=== Begin Enclosure ===
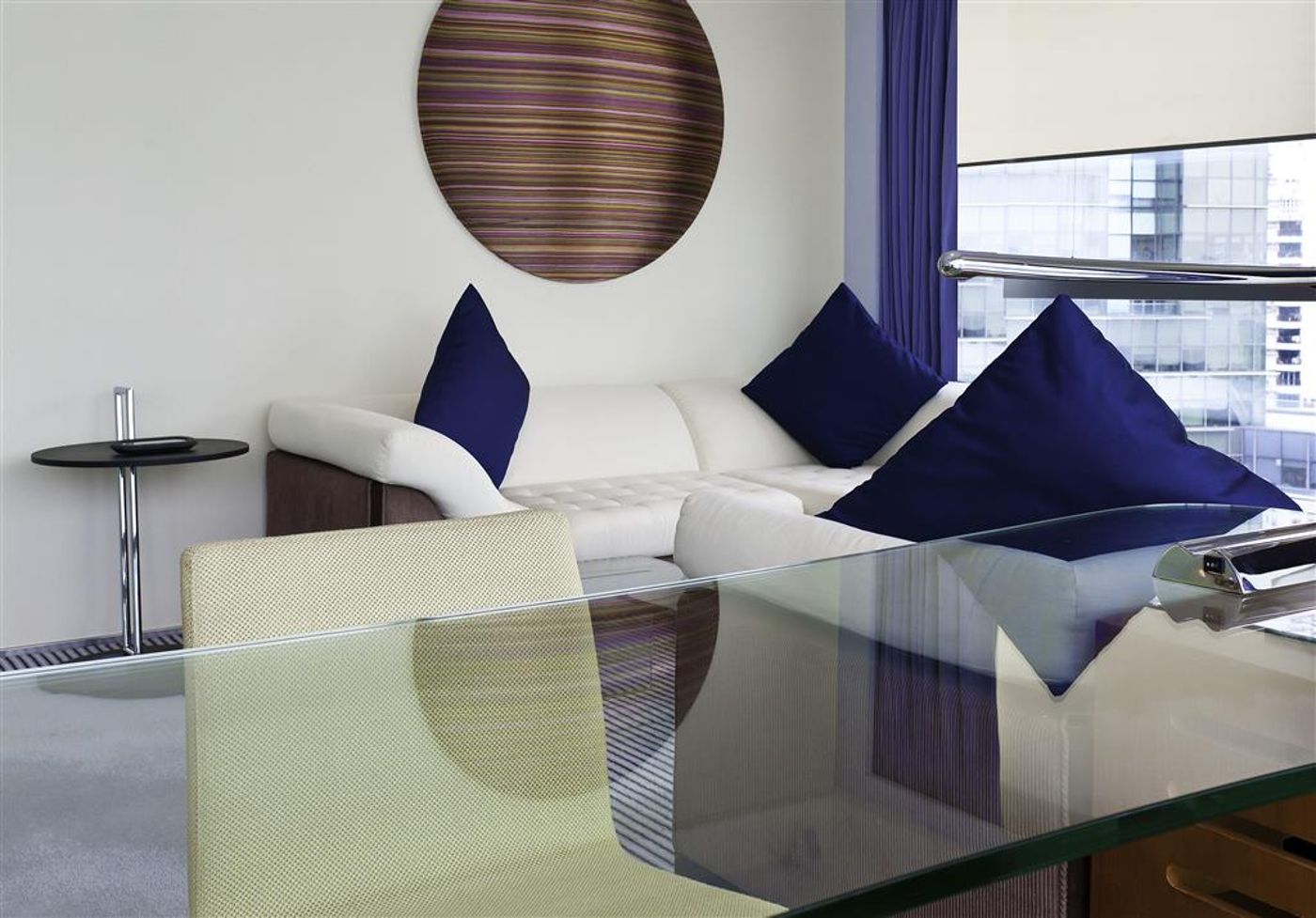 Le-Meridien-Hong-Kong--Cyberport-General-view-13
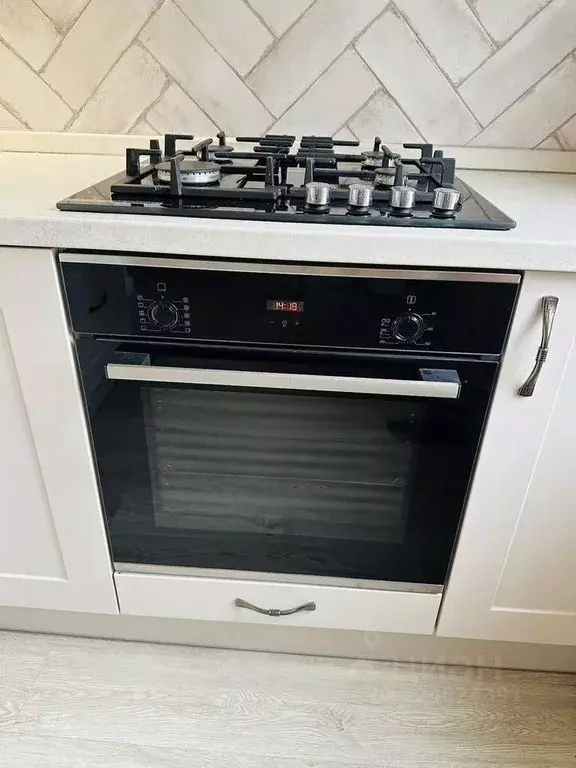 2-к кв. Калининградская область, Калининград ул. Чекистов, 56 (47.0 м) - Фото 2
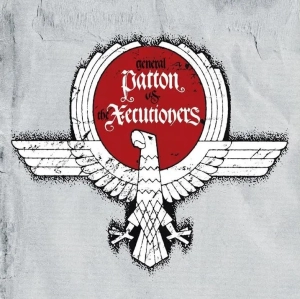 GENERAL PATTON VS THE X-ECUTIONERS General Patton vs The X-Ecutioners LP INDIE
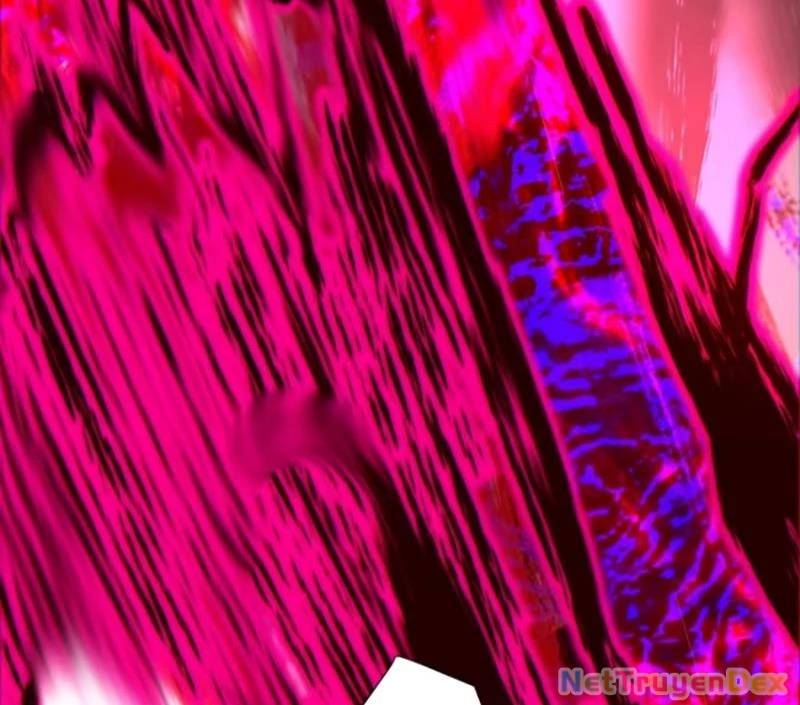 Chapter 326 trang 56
=== End Enclosure ===
=== Begin Enclosure ===
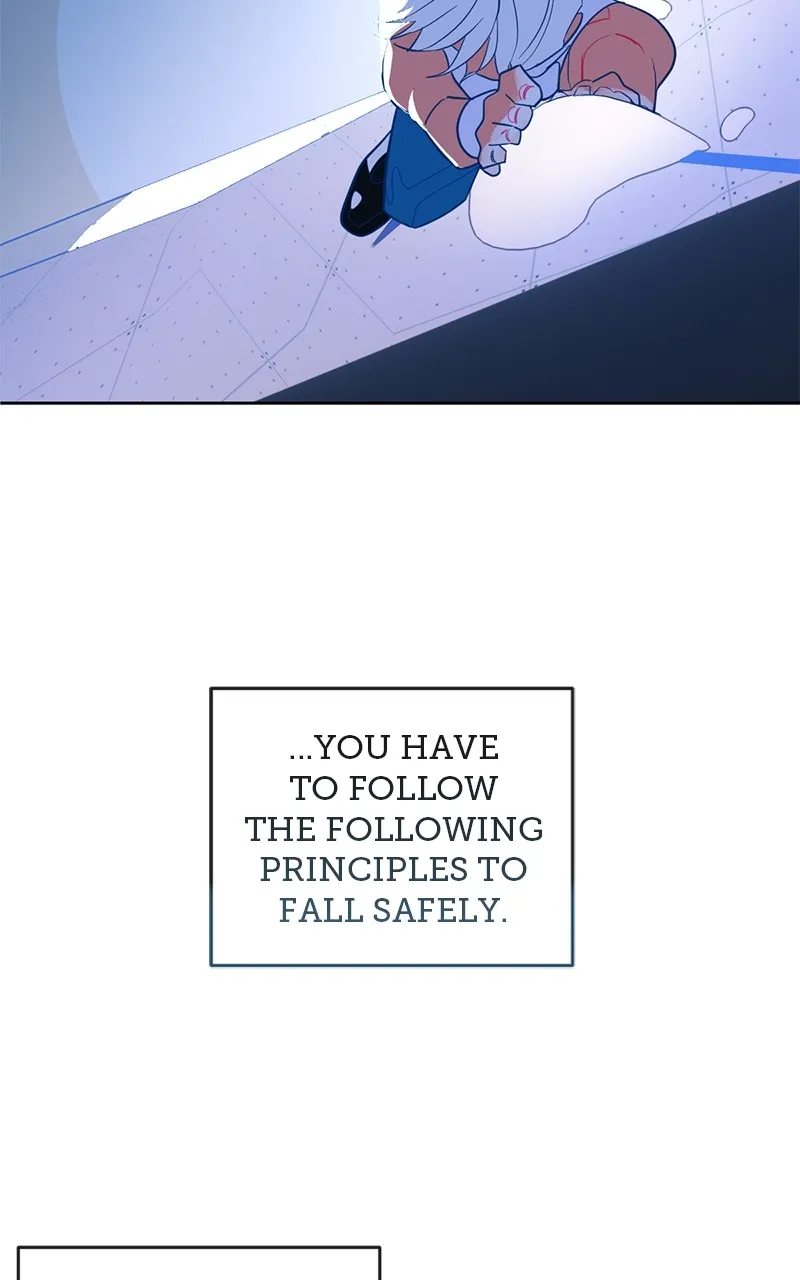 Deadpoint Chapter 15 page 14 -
=== End Enclosure ===
=== Begin Enclosure ===
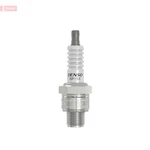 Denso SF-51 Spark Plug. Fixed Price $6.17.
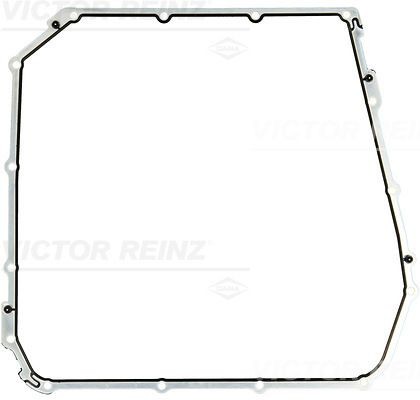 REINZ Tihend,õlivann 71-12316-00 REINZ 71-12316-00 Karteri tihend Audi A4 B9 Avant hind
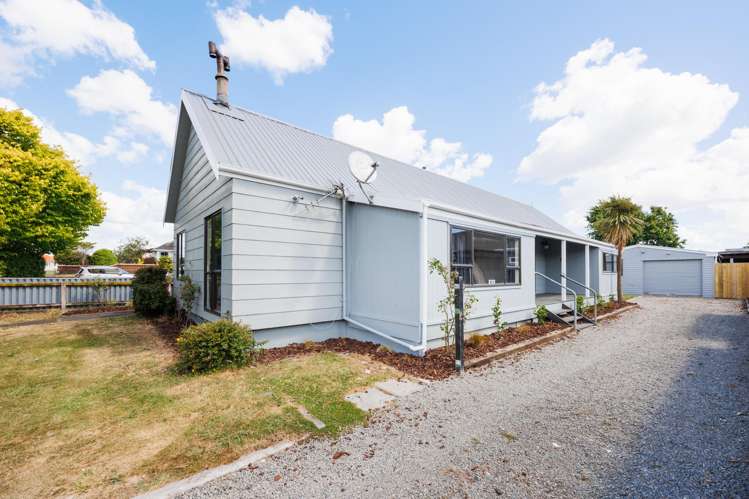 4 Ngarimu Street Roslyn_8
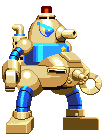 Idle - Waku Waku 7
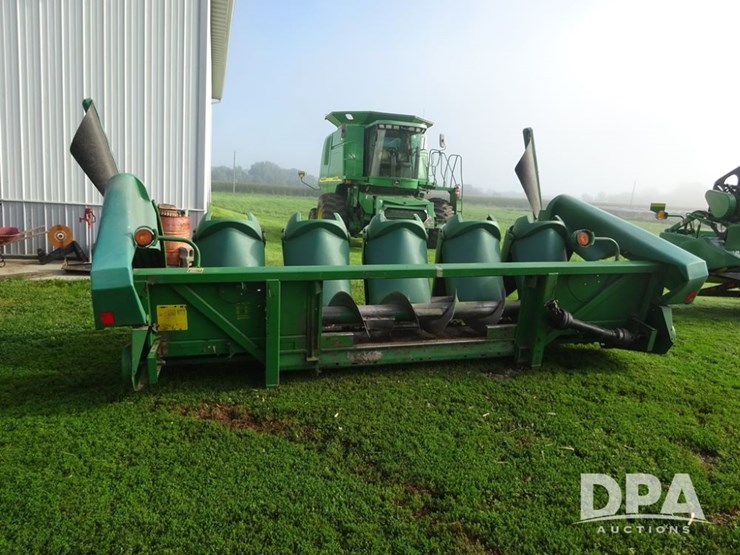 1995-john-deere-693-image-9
=== End Enclosure ===
- Activity:
In the listing above, find the line with "Le-Meridien-Hong-Kong--Cyberport-General-view-13" and the line with "Chapter 326 trang 56". Transcribe those two and everything between, exactly, leaving out pictures.

- Answer to the exercise:
 Le-Meridien-Hong-Kong--Cyberport-General-view-13
 2-к кв. Калининградская область, Калининград ул. Чекистов, 56 (47.0 м) - Фото 2
 GENERAL PATTON VS THE X-ECUTIONERS General Patton vs The X-Ecutioners LP INDIE
 Chapter 326 trang 56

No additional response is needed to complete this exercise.